Parsing header, question and record

parseDNSResponse :: M.Parsec Void B.ByteString (DNSHeader, DNSQuestion, DNSRecord)
parseDNSResponse = do
  header <- parseHeader
  question <- parseQuestion
  record <- parseRecord
  pure (header, question, record)

I'm currently stuck in the last function of the Record section, which handles possible compression (len == 0b1100_0000). I need to consider the whole input when moving the offset, and when I get to the third parser part of the input has already been consumed, so I reach end of input early and the parsing fails. Doing a M.lookAhead of the 2 first parsers would require going back and forth with the offsets. I have tried a few things without success and I'm getting a bit lost. Am I in the right direction here?

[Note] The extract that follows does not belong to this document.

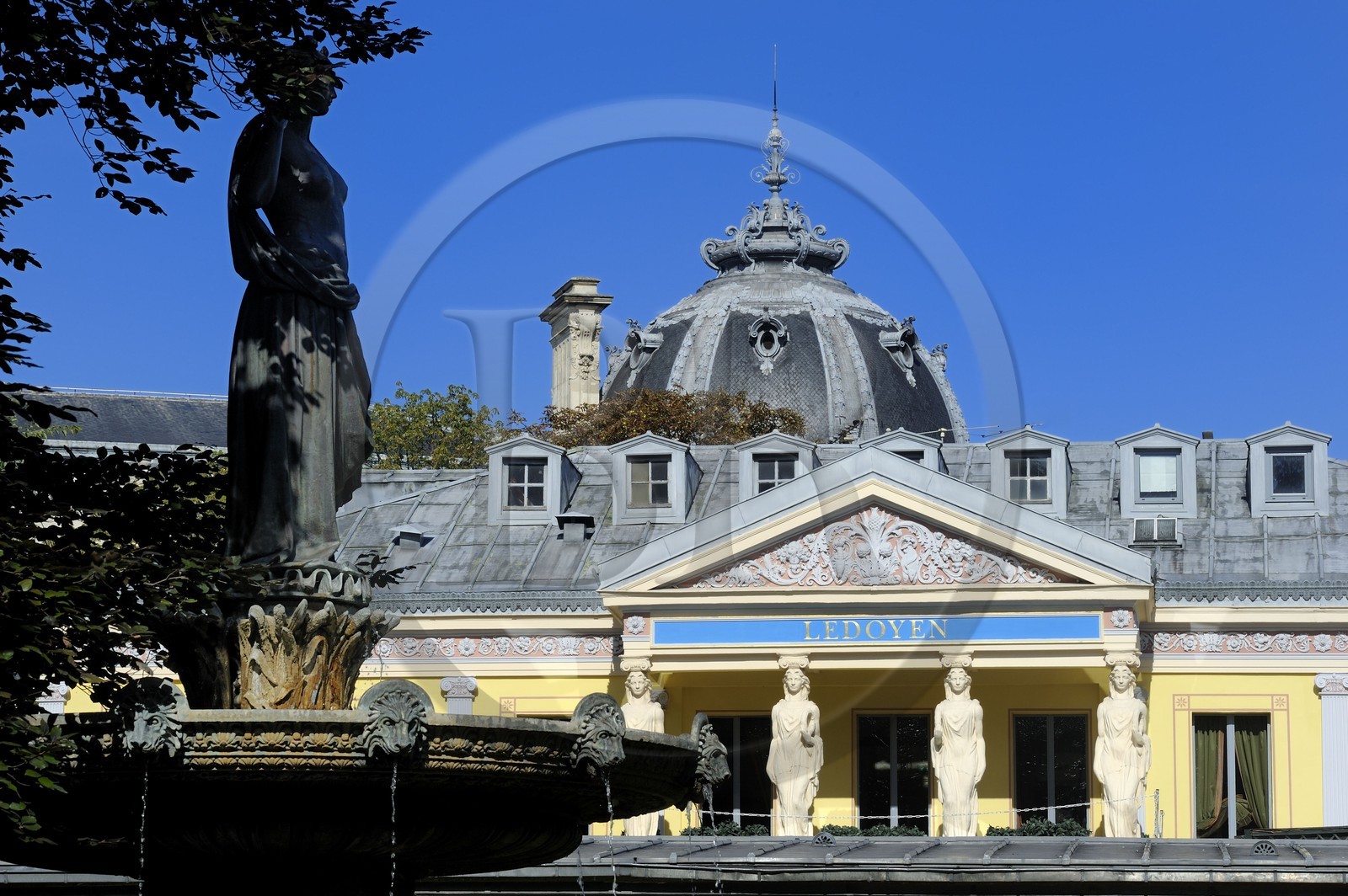 France, Paris (75), façade du Pavillon Ledoyen, restaurant gastronomique et toit du Petit Palais en arrière plan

Do you have a recommendation?

This is the example I'm trying to parse:

_exampleResponse :: B.ByteString
_exampleResponse = Base16.decodeLenient "e35d8180000100010000000003777777076578616d706c6503636f6d0000010001c00c000100010000508900045db8d822"

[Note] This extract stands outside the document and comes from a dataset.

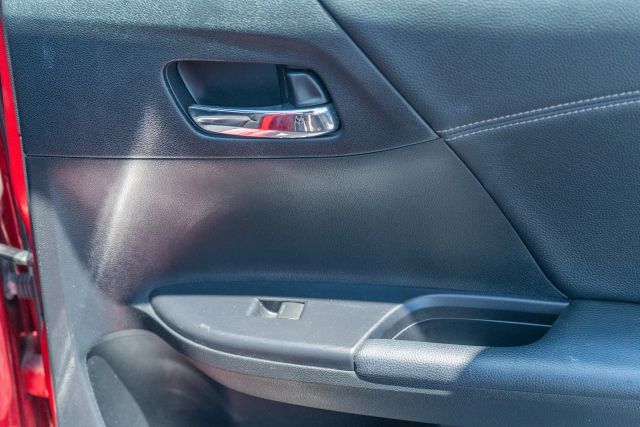 
								2017 Honda Accord Sport Sedan 4D full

Header and question parsing works otherwise.

I could consider moving to other methods or parsers (attoparsec, etc) if they have an API more aligned with my use case, so feel free to suggest alternatives.


Solution

  • Turns out you can do this with megaparsec, as it allows manipulating parser state without consuming the inputs in the process. Not sure if there are other alternatives that offer this.

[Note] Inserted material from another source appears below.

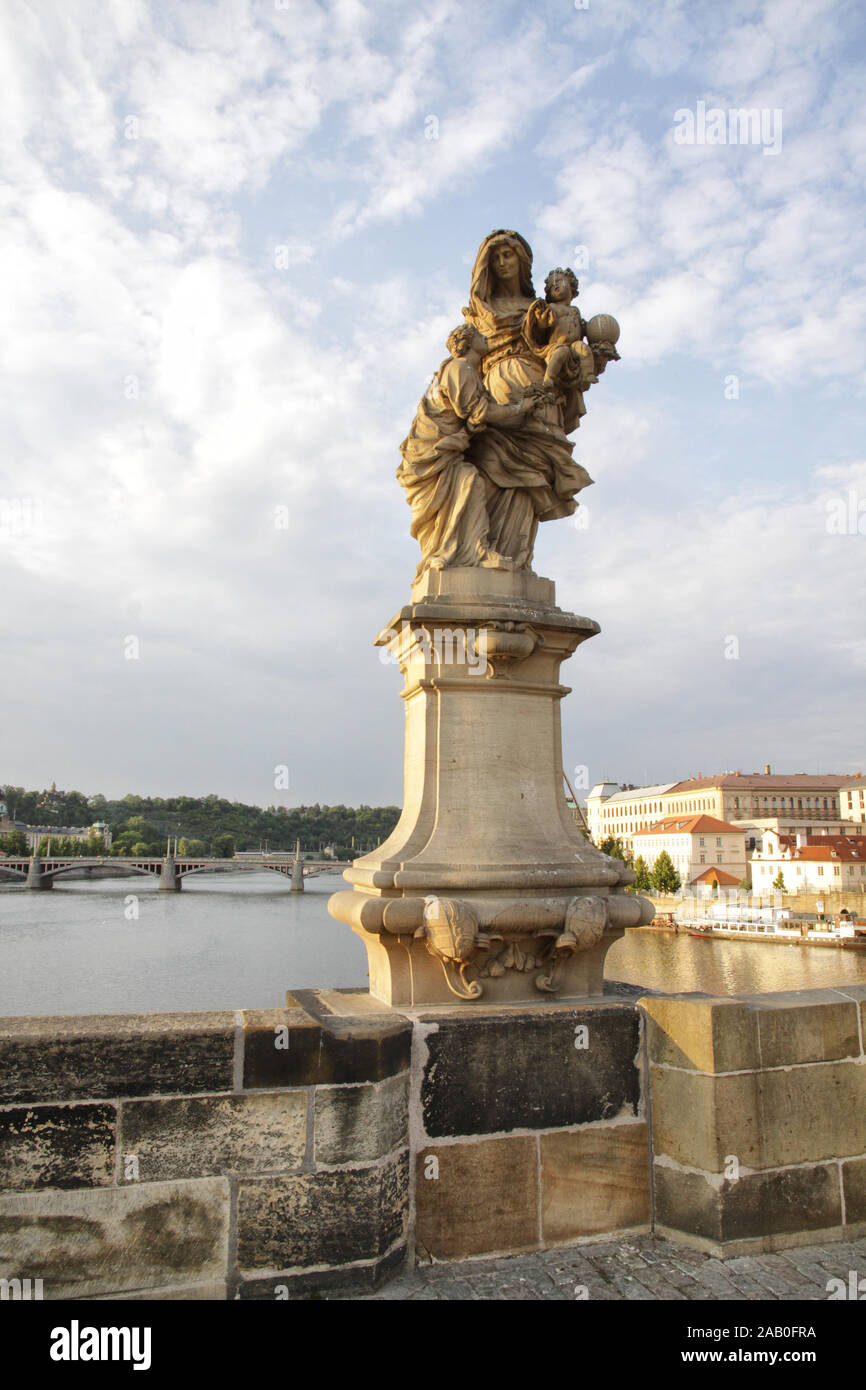 Statua di San Ann sul Ponte Carlo a Praga. St. Ann era madre della Santa Vergine Maria. Scultore Jäckel. 1707 г. Foto Stock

    Calling getInput at the very beginning of your parser gives the whole input, to which you can then apply a modified parseRecord so you can modify the parser input mid-parsing, do what you need, and then restore the previous state:

    import Text.Megaparsec qualified as M
    
    type DNSParser a = M.Parsec Void B.ByteString a -- For readability
    
    parseDNSPacket :: DNSParser DNSPacket
    parseDNSPacket = do
      fullInput <- M.getInput                  -- 1. Get input to this parser
      let parseRecord' = parseRecord fullInput -- 2. Apply the parser to it
      header <- parseHeader
      -- ...
      answers <- replicateM (fromIntegral $ hnumAnswers header) parseRecord'
      -- ... ...
    
    parseRecord :: B.ByteString -> DNSParser DNSRecord
    parseRecord fullInput = do
      name <- decodeDNSName fullInput
      -- ... ...
    
    decodeDNSName :: B.ByteString -> DNSParser B.ByteString
    decodeDNSName input = do
      len <- M.word8
      -- ...
          if (len .&. 0b1100_0000) == 0b1100_0000
            then decodeCompressedDNSName input len
            else do
      -- ... ...
    
    decodeCompressedDNSName :: B.ByteString -> Word8 -> DNSParser B.ByteString
    decodeCompressedDNSName input len = do
      offset' <- fromIntegral <$> M.word8
      let bytes = ((fromIntegral len :: Word16) .&. 0b0011_1111) `shiftL` 8
          pointer = fromIntegral (bytes .|. offset')
      currentPos <- M.getOffset   -- 3. Save the current input
      M.setInput input            -- 4. Set input to the argument `i`
      M.skipCount pointer M.word8 -- 5. Perform the full input parsing
      name <- decodeDNSName input
      M.setInput currentInput     -- 6. Restore the previous input
      pure name                   -- 7. Profit!
    

    Now it passes simple lookup tests!